Why lose sleep? Let a thousand exposés bloom

Written By DNA Web Team | Updated:

A “sting” has different effects on different people. MPs worry. Rival media get angry. The aam janta smiles, writes Rajat Sharma.

Rajat Sharma

A “sting” has different effects on different people. MPs worry. Rival media get angry. The aam janta smiles.

Why blame the MP? If you’re caught taking cash for questions, if you are shown enjoying Dawood Ibrahim’s company, you would obviously hate it, and talk of freedom being taken too far.

Why blame the media? If you had the Govinda video or the cash-for-questions footage, you would’ve shown it off. Since you don’t, you’ll moralise and talk of the Rubicon separating journalism and gimmickry.

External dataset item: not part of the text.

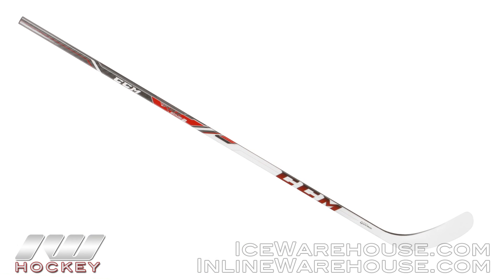Hey, what's up guys, this is Chase from The Warehouse and today we're going to be taking a quick look at the CCM RBZ Stage 2 hockey stick.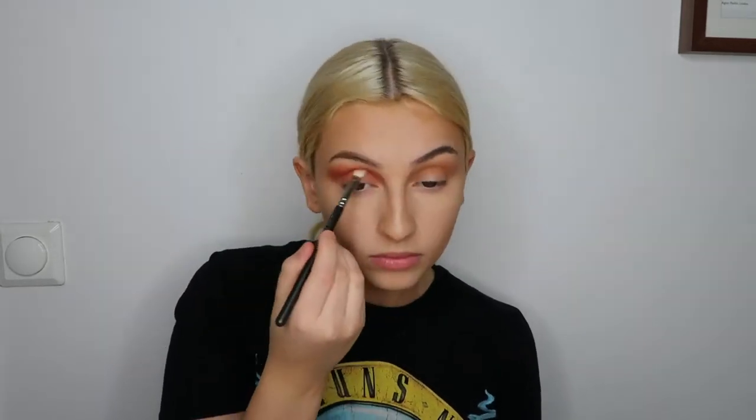I like to go up just a little bit above the crease because I'm thinking of doing a cut crease later. And if you're like me and have semi-hooded eyes, I suggest putting the shadow a little bit above the crease, because that creates more eyelid space. Just wiping the brush off a little bit.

Why blame the aam aadmi? You see these honourable men being caught making fools of themselves, you love it; and you derive some entertainment from it, and some hope.

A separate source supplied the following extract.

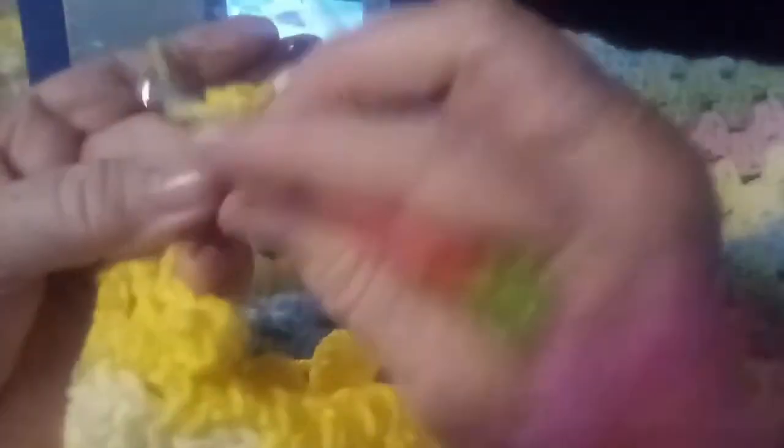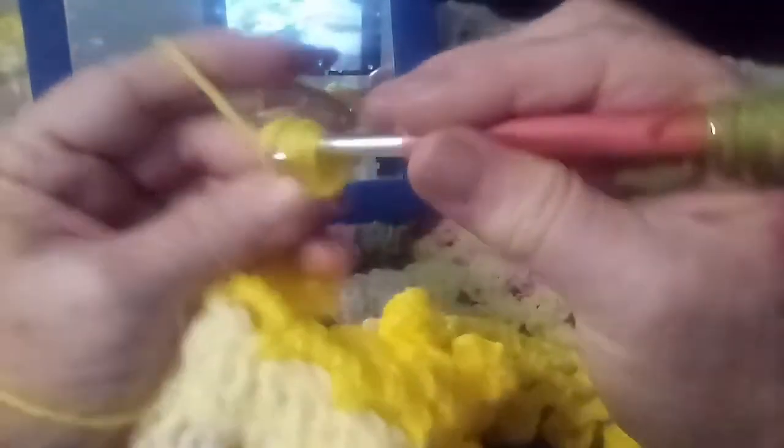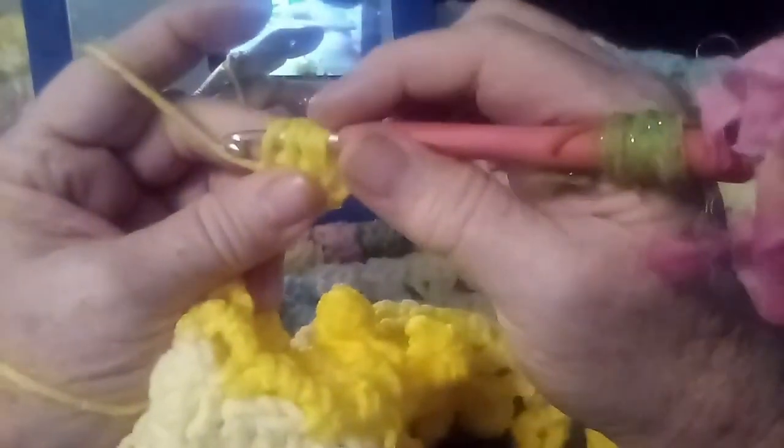Yarn over, go into the same chain, yarn over, pull it through two — that'll leave you four. Yarn over, go back into that same chain, yarn over, pull it through two — that'll leave five on your hook. Now you just yarn over and pull it through all five, and then slip stitch.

We should know. At India TV, where the sting operation is an important tool in the tough journalism we offer day after day, our work has rewarded us with all these three sets of feedback.

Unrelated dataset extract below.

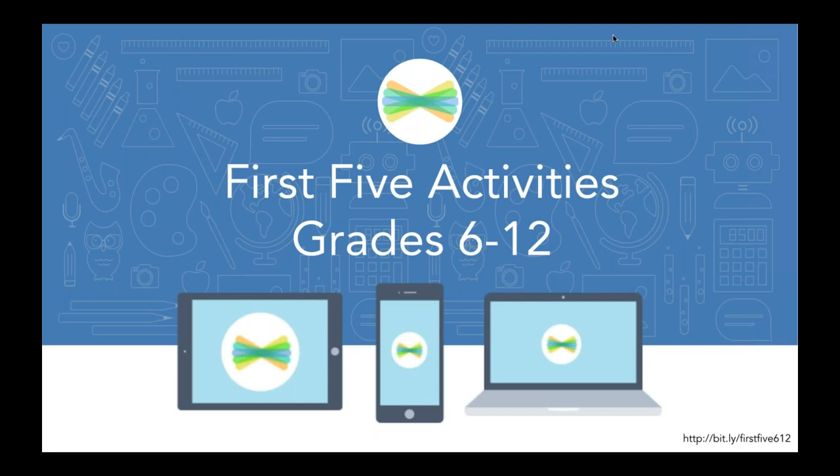Hello, it's Julie. Welcome to PD and your PJs. I'm so excited to be here with you tonight to talk about really easy activities you can try with your grade 6 through 12 students.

When we played tapes of Swaminarayan sadhus having sex with devotees or ex-MPs and sitting MLAs with women supplied by contractor mafias, and when we revealed two well-known actors making pathetic solicitations to “an aspiring actress,” many of those who didn’t like it were people in positions from which they could abuse their authority. Some were nice enough to say this to our face. Some others did talk shows. Others wrote signed pieces about India TV’s quest for TRPs, almost as if ‘TRPs’ was a four-letter word. 

Similar things happened when we showed the video of the Virar MP. He attacked me, on ‘Breaking News’, for being bigamous! We gently corrected his bad research and let him rant and rave for two-and-a-half hours, perhaps the longest-ever interview on live news television in India.

When we got hold of Greg Chappell’s email from a BCCI computer, and shared the spoils in an exclusive tie-up with DNA, some columns claimed they knew the ‘operative part’ anyway. It’s another matter that chunks of the email were cut and pasted from India TV’s news tickers — and DNA’s front page — in a matter of hours.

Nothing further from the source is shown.